Cold storage, a niche subsector of the industrial real estate market, is heating up.
Driven by — what else — e-commerce and the pandemic, the cold-storage market was valued at $89 billion in 2018 and is projected to reach $218 billion by 2026, growing at a compound annual rate of 11.7% between 2019 to 2026, according to research by commercial real estate firm Avison Young USA Inc.
Food production and supply-chain needs, including the growth of online grocery shopping, are bolstering the space, but so is the booming life sciences market. A lot of biopharmaceutical products, including the Covid-19 vaccines, need to be stored in extremely cold environments.
Much of the nation’s cold-storage supply is outdated, having been built 34 years ago, on average, according to CBRE Group Inc. data. But building new refrigerated warehouse space is expensive, and hasn’t been done on a speculative basis on a meaningful scale until recently. Retrofits of dry warehouse space into cold storage are occurring, but the sector has specific requirements that mean not all buildings will work for a conversion.
Cold Summit Development, based in Ketchum, Idaho, is one of only a few real estate developers exclusively focused on cold storage.

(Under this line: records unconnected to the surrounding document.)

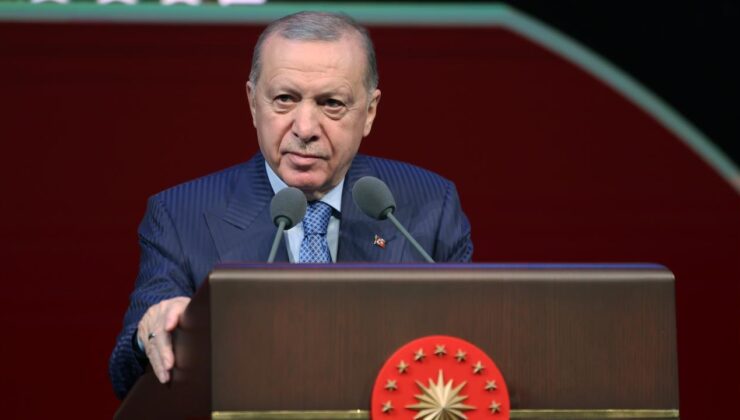 Cumhurbaşkanı Erdoğan: Gazze için görev gücünde biz de yer alacağız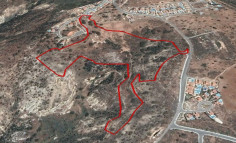 Residential 59802 m2 for sale in Pissouri, Limassol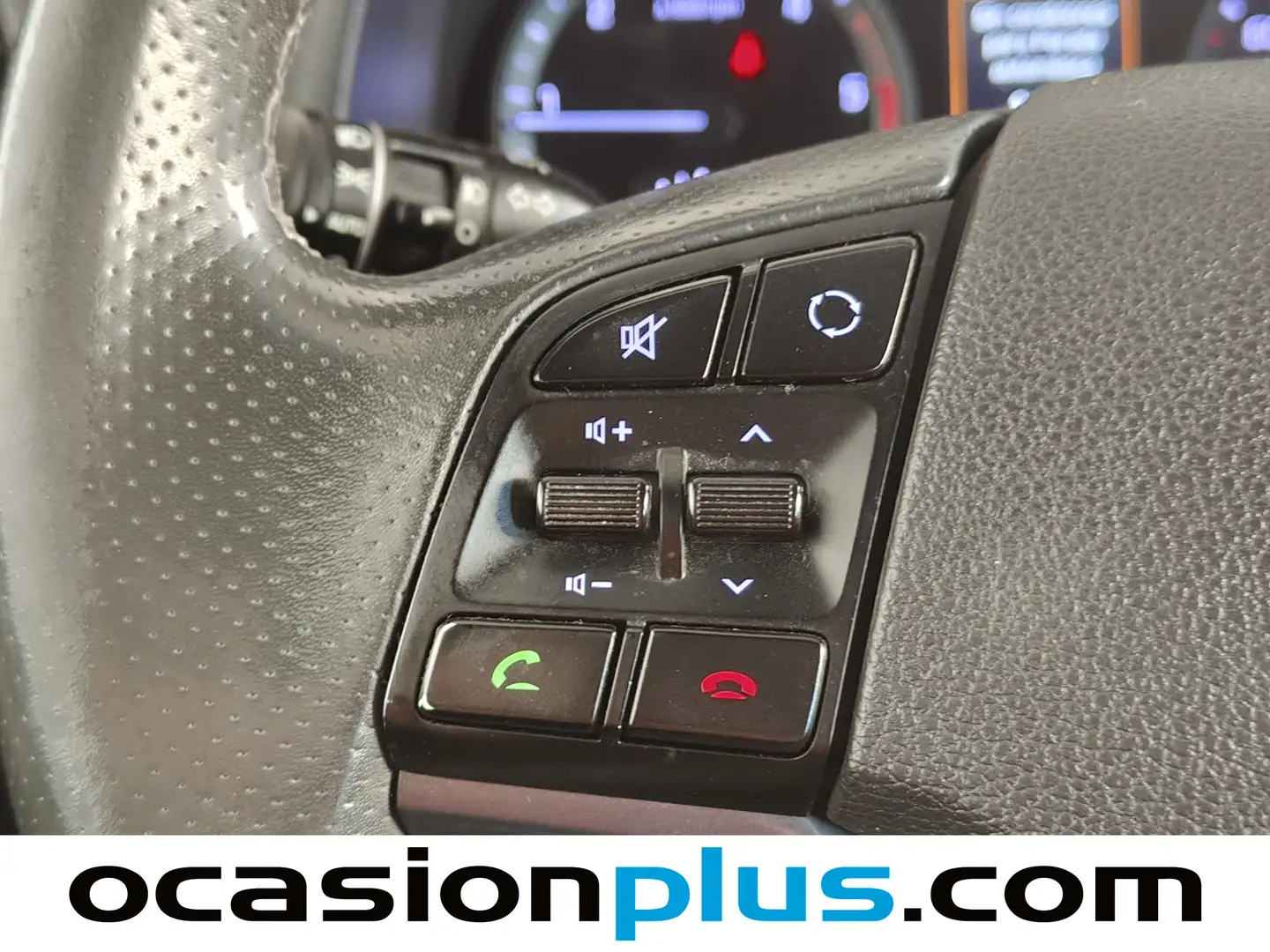 Foto Hyundai Tucson Hyundai Tucson 1.7 CRDI BlueDrive Kosmo 4x2  (115 CV)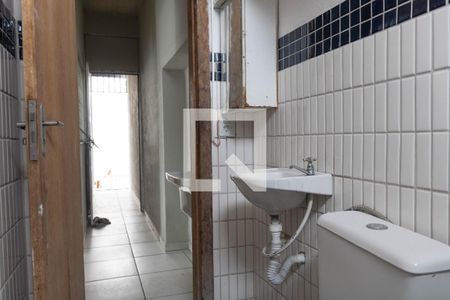 Apartamento para alugar com 48m², 2 quartos e sem vaga Apartamento para alugar com 48m², 2 quartos e sem vagaBanheiro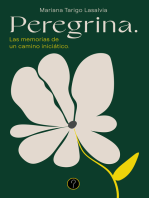 Peregrina: Las memorias de un camino iniciático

The biggest owners of cold-storage real estate — among them, Lineage Logistics LLC, AmeriCold Logistics LLC, United States Cold Storage Inc. and NewCold Advanced Cold Logistics — aren’t even exclusively in the space.
“With growing demand, driven largely by shifts in food preferences and e-commerce, cold storage has emerged as a very lucrative property type”, said Jason Fincher, vice president of strategy and logistics at Cold Summit Development LLC. “There’s so much demand in the market. There are a lot of aging buildings that need to be rebuilt or retrofitted. There’s a lot of work for several years.”
Some of Cold Summit’s current projects include multi-tenant speculative facilities in Dallas and Glendale, Arizona. It recently struck an agreement with North Carolina Ports to build a 280,000-square-foot multi-suite cold-storage facility in Wilmington, on a property owned by the port. North Carolina Ports says it’s seen more than 250% growth in its refrigerated import and export volumes in the past five years.
“Cold Summit is primarily targeting Southern markets that are underserved and growing, as well as metros near ports in the Southeast,” Fincher said, “Port markets have been investing in their cold-chain capabilities, including facilities, in recent years — responding, in part, to changes in global trade routes.”
But cold storage needs to fit into a larger supply chain, and a developer’s placement and strategy has to acknowledge that, Fincher added. That typically means being near food-production areas, because of volume requirements, as well as to a large transportation node that requires some kind of handling — rail to truck or ship to truck, for example.
Even though it has momentum, cold storage still only accounts for 1.1% of the total U.S. industrial market, according to Avison Young. Among all cold-storage inventory, 17.2% is in the New York, Los Angeles, Philadelphia, Chicago and Dallas metro areas. There’s about 251 million square feet of cold-storage space today.
The real estate firm predicts digital and autonomous advancements will be the next frontier for refrigerated warehouse space, in addition to “micro-fulfillment” cold-chain needs.
“As cold-storage product continues to age, as there’s demand for more efficient, higher-technological uses, then you could easily see some new development in some of those other markets,” said Aaron Ahlburn, practice lead for logistics and industrial data at Avison Young.
Avison Young found no refrigerated warehouse space is being developed in the Mid-Atlantic region, an area it says may already be underserved. Investors are also becoming increasingly more attracted to the space. Ahlburn said there’s always been appetite but it’s moved from being a niche asset into more mainstream.
Cold storage sales grew 22.9% last year, according to a Colliers International report, citing Real Capital Analytics Inc. data. Total sales volume was $3.3 billion in 2020, the highest year on record.
“Cold Summit is also seeing a ton of investor interest,” Fincher said. “This is a really key time, where we have demand not just from the tenant side but from the investor side. There’s just not enough quality projects coming to market fast enough.”